(Short descriptive text snippets)

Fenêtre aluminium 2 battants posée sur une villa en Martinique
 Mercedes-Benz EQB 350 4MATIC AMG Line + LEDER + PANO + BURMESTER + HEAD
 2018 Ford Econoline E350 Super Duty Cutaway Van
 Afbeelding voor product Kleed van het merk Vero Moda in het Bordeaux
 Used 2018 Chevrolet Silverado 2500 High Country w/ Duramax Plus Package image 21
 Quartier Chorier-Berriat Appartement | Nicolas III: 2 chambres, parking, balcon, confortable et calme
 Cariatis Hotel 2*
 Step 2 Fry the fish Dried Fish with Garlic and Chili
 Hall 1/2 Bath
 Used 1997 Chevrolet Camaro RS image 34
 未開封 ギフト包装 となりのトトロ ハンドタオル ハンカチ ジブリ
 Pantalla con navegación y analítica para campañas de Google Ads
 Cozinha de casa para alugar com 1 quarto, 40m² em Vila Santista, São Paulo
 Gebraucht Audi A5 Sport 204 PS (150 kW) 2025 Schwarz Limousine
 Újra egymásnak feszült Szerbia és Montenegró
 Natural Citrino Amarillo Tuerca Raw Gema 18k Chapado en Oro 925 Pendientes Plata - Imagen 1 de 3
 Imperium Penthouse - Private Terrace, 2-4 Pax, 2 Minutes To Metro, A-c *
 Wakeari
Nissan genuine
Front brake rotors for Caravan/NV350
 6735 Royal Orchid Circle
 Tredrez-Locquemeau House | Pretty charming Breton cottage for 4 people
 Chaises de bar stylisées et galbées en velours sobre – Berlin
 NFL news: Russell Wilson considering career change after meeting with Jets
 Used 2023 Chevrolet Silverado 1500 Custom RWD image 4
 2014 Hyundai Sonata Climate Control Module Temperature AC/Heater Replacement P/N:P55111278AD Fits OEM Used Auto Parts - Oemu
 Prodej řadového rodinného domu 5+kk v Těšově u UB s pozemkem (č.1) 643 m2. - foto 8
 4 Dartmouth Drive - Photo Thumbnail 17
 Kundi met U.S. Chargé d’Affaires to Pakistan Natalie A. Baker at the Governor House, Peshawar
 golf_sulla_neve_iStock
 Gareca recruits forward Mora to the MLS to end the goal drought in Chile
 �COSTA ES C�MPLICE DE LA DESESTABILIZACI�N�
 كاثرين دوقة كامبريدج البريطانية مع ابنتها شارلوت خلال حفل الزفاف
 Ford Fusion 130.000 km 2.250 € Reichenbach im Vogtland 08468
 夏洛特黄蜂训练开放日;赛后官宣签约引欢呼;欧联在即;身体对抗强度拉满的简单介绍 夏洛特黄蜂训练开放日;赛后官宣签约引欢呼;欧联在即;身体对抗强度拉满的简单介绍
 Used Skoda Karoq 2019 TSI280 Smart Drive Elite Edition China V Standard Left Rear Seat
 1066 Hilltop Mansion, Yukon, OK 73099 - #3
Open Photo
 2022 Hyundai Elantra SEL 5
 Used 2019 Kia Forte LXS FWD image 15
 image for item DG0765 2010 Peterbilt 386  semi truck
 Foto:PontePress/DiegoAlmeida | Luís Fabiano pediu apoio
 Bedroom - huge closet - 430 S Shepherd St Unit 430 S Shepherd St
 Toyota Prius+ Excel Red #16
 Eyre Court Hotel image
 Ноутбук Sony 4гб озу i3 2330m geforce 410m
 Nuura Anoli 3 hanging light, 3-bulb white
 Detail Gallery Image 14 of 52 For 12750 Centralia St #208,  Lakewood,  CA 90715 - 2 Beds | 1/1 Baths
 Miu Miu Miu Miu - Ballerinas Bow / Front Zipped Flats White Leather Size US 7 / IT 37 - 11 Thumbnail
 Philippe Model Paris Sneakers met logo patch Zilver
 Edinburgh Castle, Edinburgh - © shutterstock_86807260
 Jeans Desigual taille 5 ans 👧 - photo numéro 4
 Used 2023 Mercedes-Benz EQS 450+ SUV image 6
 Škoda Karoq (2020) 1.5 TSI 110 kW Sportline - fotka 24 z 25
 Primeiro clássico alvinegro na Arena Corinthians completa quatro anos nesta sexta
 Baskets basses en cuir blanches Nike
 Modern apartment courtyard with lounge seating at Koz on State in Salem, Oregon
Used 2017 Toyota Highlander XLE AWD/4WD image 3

• [What is being asked]:
Each entry needs to be copied out exactly as written.

• [Exercise solution]:
Fenêtre aluminium 2 battants posée sur une villa en Martinique
 Mercedes-Benz EQB 350 4MATIC AMG Line + LEDER + PANO + BURMESTER + HEAD
 2018 Ford Econoline E350 Super Duty Cutaway Van
 Afbeelding voor product Kleed van het merk Vero Moda in het Bordeaux
 Used 2018 Chevrolet Silverado 2500 High Country w/ Duramax Plus Package image 21
 Quartier Chorier-Berriat Appartement | Nicolas III: 2 chambres, parking, balcon, confortable et calme
 Cariatis Hotel 2*
 Step 2 Fry the fish Dried Fish with Garlic and Chili
 Hall 1/2 Bath
 Used 1997 Chevrolet Camaro RS image 34
 未開封 ギフト包装 となりのトトロ ハンドタオル ハンカチ ジブリ
 Pantalla con navegación y analítica para campañas de Google Ads
 Cozinha de casa para alugar com 1 quarto, 40m² em Vila Santista, São Paulo
 Gebraucht Audi A5 Sport 204 PS (150 kW) 2025 Schwarz Limousine
 Újra egymásnak feszült Szerbia és Montenegró
 Natural Citrino Amarillo Tuerca Raw Gema 18k Chapado en Oro 925 Pendientes Plata - Imagen 1 de 3
 Imperium Penthouse - Private Terrace, 2-4 Pax, 2 Minutes To Metro, A-c *
 Wakeari
Nissan genuine
Front brake rotors for Caravan/NV350
 6735 Royal Orchid Circle
 Tredrez-Locquemeau House | Pretty charming Breton cottage for 4 people
 Chaises de bar stylisées et galbées en velours sobre – Berlin
 NFL news: Russell Wilson considering career change after meeting with Jets
 Used 2023 Chevrolet Silverado 1500 Custom RWD image 4
 2014 Hyundai Sonata Climate Control Module Temperature AC/Heater Replacement P/N:P55111278AD Fits OEM Used Auto Parts - Oemu
 Prodej řadového rodinného domu 5+kk v Těšově u UB s pozemkem (č.1) 643 m2. - foto 8
 4 Dartmouth Drive - Photo Thumbnail 17
 Kundi met U.S. Chargé d’Affaires to Pakistan Natalie A. Baker at the Governor House, Peshawar
 golf_sulla_neve_iStock
 Gareca recruits forward Mora to the MLS to end the goal drought in Chile
 �COSTA ES C�MPLICE DE LA DESESTABILIZACI�N�
 كاثرين دوقة كامبريدج البريطانية مع ابنتها شارلوت خلال حفل الزفاف
 Ford Fusion 130.000 km 2.250 € Reichenbach im Vogtland 08468
 夏洛特黄蜂训练开放日;赛后官宣签约引欢呼;欧联在即;身体对抗强度拉满的简单介绍 夏洛特黄蜂训练开放日;赛后官宣签约引欢呼;欧联在即;身体对抗强度拉满的简单介绍
 Used Skoda Karoq 2019 TSI280 Smart Drive Elite Edition China V Standard Left Rear Seat
 1066 Hilltop Mansion, Yukon, OK 73099 - #3
Open Photo
 2022 Hyundai Elantra SEL 5
 Used 2019 Kia Forte LXS FWD image 15
 image for item DG0765 2010 Peterbilt 386  semi truck
 Foto:PontePress/DiegoAlmeida | Luís Fabiano pediu apoio
 Bedroom - huge closet - 430 S Shepherd St Unit 430 S Shepherd St
 Toyota Prius+ Excel Red #16
 Eyre Court Hotel image
 Ноутбук Sony 4гб озу i3 2330m geforce 410m
 Nuura Anoli 3 hanging light, 3-bulb white
 Detail Gallery Image 14 of 52 For 12750 Centralia St #208,  Lakewood,  CA 90715 - 2 Beds | 1/1 Baths
 Miu Miu Miu Miu - Ballerinas Bow / Front Zipped Flats White Leather Size US 7 / IT 37 - 11 Thumbnail
 Philippe Model Paris Sneakers met logo patch Zilver
 Edinburgh Castle, Edinburgh - © shutterstock_86807260
 Jeans Desigual taille 5 ans 👧 - photo numéro 4
 Used 2023 Mercedes-Benz EQS 450+ SUV image 6
 Škoda Karoq (2020) 1.5 TSI 110 kW Sportline - fotka 24 z 25
 Primeiro clássico alvinegro na Arena Corinthians completa quatro anos nesta sexta
 Baskets basses en cuir blanches Nike
 Modern apartment courtyard with lounge seating at Koz on State in Salem, Oregon
Used 2017 Toyota Highlander XLE AWD/4WD image 3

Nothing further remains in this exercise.